「生活保護裁判」全国に先駆け名古屋地裁で結審へ 原告指摘の“国の物価偽装”は認められるか
専門家も法廷で続々と異論
生活保護基準の引き下げについては、社会保障や統計学の多くの専門家も、手続きや内容に大きな問題があると裁判で証言している。 厚労省は削減した670億円のうち、90億円分は「生活保護基準部会」による検証結果をふまえた「ゆがみ調整」(世帯の人数や地域による保護費の偏りの調整)によるもの、580億円分は2008年から2011年までに物価が4.78%下落したことを反映させた「デフレ調整」によるものだと主張している。 しかし、生活保護基準部会の部会長代理を務めていた岩田正美・日本女子大名誉教授(社会福祉学)は、「ゆがみ調整」では扶助費をむしろ増額すべき世帯もあったと指摘。

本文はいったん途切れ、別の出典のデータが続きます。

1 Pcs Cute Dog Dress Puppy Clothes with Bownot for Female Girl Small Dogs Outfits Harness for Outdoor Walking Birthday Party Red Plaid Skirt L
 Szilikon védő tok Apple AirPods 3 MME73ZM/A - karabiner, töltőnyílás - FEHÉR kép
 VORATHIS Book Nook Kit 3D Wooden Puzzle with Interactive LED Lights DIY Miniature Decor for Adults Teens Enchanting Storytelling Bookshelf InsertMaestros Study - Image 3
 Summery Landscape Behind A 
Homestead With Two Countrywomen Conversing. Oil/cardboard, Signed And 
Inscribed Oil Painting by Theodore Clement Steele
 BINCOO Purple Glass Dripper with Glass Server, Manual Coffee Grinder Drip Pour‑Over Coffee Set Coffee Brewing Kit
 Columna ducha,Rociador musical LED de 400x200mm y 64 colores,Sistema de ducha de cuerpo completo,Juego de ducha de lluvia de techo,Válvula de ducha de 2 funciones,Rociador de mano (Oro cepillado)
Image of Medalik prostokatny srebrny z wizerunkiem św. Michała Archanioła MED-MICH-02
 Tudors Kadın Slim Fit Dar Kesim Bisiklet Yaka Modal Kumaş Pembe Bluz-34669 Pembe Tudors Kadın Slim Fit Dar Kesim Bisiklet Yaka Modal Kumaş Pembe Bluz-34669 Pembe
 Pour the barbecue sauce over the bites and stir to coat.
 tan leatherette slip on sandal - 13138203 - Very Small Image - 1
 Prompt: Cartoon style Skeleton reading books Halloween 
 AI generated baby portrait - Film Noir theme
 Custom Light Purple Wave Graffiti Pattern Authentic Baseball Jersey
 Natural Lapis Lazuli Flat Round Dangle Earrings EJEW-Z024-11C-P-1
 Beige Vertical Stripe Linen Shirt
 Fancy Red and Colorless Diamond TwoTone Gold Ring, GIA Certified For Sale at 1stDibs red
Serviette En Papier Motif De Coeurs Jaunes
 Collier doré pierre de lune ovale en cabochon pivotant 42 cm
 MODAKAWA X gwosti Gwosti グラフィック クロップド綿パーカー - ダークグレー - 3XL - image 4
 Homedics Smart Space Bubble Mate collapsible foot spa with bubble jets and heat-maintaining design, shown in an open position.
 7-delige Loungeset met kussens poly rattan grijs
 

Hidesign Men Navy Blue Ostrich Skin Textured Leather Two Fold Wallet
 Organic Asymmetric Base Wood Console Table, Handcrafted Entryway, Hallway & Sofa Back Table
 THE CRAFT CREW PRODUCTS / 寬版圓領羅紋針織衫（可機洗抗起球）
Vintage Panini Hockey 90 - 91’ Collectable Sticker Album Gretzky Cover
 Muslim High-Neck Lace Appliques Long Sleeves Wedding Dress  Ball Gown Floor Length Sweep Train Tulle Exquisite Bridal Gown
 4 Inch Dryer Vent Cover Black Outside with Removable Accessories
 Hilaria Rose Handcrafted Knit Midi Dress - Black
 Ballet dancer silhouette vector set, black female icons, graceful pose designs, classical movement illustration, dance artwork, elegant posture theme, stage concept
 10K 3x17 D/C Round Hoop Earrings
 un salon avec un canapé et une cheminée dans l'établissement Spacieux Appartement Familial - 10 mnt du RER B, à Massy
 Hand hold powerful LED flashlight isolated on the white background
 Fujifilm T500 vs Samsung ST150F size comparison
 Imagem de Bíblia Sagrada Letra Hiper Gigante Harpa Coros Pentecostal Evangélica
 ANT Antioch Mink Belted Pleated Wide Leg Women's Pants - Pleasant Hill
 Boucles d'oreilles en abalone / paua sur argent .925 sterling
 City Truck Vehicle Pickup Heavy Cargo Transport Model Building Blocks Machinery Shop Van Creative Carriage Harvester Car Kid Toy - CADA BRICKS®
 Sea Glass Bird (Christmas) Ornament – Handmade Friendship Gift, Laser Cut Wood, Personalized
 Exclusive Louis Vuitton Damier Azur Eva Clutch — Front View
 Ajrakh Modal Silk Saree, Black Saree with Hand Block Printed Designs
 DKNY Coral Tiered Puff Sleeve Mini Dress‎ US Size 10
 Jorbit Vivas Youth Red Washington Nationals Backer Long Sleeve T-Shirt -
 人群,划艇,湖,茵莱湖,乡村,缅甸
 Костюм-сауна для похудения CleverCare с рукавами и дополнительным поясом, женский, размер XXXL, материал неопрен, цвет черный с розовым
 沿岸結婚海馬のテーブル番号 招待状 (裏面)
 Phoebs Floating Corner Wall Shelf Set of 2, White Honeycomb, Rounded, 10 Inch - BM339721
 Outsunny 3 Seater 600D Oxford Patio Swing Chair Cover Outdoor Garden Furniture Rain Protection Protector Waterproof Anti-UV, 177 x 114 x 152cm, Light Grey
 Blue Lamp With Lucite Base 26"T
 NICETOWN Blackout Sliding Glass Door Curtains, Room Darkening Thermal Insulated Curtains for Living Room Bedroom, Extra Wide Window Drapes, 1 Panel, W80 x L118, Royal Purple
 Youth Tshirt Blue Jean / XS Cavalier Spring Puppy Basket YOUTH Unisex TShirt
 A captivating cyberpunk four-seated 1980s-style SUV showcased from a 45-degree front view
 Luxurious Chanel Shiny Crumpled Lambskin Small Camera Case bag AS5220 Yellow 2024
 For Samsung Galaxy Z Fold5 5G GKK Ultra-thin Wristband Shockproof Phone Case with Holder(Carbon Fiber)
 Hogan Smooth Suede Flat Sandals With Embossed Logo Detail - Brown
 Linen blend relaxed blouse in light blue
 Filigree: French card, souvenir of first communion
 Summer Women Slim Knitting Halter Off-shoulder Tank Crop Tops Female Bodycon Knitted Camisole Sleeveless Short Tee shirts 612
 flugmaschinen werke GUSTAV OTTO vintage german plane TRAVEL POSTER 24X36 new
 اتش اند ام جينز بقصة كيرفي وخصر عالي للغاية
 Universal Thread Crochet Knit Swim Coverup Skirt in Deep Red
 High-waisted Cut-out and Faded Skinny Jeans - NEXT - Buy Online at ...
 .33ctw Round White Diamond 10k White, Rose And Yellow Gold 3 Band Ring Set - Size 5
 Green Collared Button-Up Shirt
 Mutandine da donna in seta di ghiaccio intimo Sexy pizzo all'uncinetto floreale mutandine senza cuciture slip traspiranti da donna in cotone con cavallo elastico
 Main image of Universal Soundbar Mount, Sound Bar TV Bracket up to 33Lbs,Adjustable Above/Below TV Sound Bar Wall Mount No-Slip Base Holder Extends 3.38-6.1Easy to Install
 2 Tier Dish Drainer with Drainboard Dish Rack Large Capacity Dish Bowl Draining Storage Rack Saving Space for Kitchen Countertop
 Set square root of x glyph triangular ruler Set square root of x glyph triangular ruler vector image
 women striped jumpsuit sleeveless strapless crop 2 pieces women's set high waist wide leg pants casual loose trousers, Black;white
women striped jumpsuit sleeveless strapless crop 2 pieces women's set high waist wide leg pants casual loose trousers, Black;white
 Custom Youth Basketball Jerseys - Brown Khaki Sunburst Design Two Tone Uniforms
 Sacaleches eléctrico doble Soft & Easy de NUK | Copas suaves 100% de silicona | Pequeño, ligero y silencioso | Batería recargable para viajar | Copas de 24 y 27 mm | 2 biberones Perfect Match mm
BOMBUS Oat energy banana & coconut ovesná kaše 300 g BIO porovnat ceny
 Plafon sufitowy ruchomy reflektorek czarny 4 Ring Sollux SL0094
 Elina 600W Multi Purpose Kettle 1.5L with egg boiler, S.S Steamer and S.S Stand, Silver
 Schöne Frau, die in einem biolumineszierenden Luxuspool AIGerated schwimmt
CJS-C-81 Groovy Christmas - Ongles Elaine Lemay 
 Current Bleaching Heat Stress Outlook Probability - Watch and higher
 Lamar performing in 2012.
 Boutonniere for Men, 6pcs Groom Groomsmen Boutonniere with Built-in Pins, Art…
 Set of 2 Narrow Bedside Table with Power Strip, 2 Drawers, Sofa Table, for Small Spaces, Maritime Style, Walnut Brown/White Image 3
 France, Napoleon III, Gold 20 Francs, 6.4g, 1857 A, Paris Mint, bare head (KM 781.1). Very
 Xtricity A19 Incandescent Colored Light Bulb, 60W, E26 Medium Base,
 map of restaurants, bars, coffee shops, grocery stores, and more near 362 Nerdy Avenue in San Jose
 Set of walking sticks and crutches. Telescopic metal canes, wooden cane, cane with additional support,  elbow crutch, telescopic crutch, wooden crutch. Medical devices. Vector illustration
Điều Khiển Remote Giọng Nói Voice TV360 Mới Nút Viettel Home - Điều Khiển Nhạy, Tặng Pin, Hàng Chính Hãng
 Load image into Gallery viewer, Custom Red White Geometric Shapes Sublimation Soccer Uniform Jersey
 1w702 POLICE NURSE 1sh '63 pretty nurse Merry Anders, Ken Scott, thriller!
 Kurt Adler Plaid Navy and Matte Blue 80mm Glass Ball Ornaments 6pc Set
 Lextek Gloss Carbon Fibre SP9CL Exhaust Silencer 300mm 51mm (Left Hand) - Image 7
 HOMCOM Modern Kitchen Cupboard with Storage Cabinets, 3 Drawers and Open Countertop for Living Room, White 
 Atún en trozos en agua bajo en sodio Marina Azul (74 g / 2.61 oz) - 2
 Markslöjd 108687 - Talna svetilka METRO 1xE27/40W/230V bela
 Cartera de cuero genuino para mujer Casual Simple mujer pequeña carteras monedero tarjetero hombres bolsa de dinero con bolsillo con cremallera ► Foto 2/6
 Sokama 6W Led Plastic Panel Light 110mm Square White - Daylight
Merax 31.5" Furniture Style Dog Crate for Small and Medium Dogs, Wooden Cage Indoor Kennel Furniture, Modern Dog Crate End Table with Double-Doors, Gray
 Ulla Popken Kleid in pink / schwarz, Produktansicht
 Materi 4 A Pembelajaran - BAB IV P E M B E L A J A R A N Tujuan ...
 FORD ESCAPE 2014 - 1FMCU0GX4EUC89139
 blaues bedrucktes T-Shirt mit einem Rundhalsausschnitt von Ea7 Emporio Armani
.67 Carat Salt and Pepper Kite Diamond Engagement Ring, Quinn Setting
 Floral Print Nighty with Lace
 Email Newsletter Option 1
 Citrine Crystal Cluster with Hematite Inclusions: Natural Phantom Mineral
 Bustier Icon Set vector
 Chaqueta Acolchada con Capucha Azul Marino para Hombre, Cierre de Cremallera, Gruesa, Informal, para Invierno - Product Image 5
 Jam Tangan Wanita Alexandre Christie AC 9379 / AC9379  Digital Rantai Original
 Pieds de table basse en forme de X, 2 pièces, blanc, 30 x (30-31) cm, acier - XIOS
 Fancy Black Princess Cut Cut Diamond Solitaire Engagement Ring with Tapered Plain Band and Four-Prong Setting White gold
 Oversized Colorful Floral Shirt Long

にもかかわらず、厚労省は部会に無断で根拠となる数値を2分の1にして計算し、全ての世帯を減額としたことを後で知り、驚いたと証言した。 岩田名誉教授はデフレ調整についても「生活保護基準部会では一切議論をしていない」と断言。部会の意見に基づかず生活保護費が大幅に削減されたことに「忸怩たる思い」を抱いていると語気を強めた。 さらに、デフレ調整で根拠とされた「生活扶助相当消費者物価指数(生活扶助CPI)」も争点となっている。統計学を専門とする上藤一郎・静岡大教授は、生活扶助CPIは厚労省による特殊な計算方式であり、学説上の裏付けはないとしている。 中日新聞の元編集委員でフリージャーナリストの白井康彦氏も証言に立った。白井氏は、厚労省が計算時に「パーシェ方式」と「ラスパイレス方式」という2つの計算方式を混合させたことや、テレビ・パソコンなどの家電の価格変動の影響を過大に評価した点をおかしいと指摘。「物価の下落率を厚労省が意図的に大きく膨らませた『物価偽装』であり、最悪の統計不正とも言うべき問題だ」と厳しく追及した。 生活扶助CPIを根拠とした今回の改定では、生活保護世帯とは支出構造が大きく異なる一般世帯の消費支出割合をもとに基準が決められた。山田壮志郎・日本福祉大准教授(社会福祉学)は「生活保護世帯の消費実態を反映しないで生活保護基準を決めることは、他人の家計簿を見て我が家の需要が決められるようなもの」と指摘。生活保護基準は要保護者の生活実態に基づいて定めるべき、とされている生活保護法に照らしても、適切ではないと言える可能性を示した。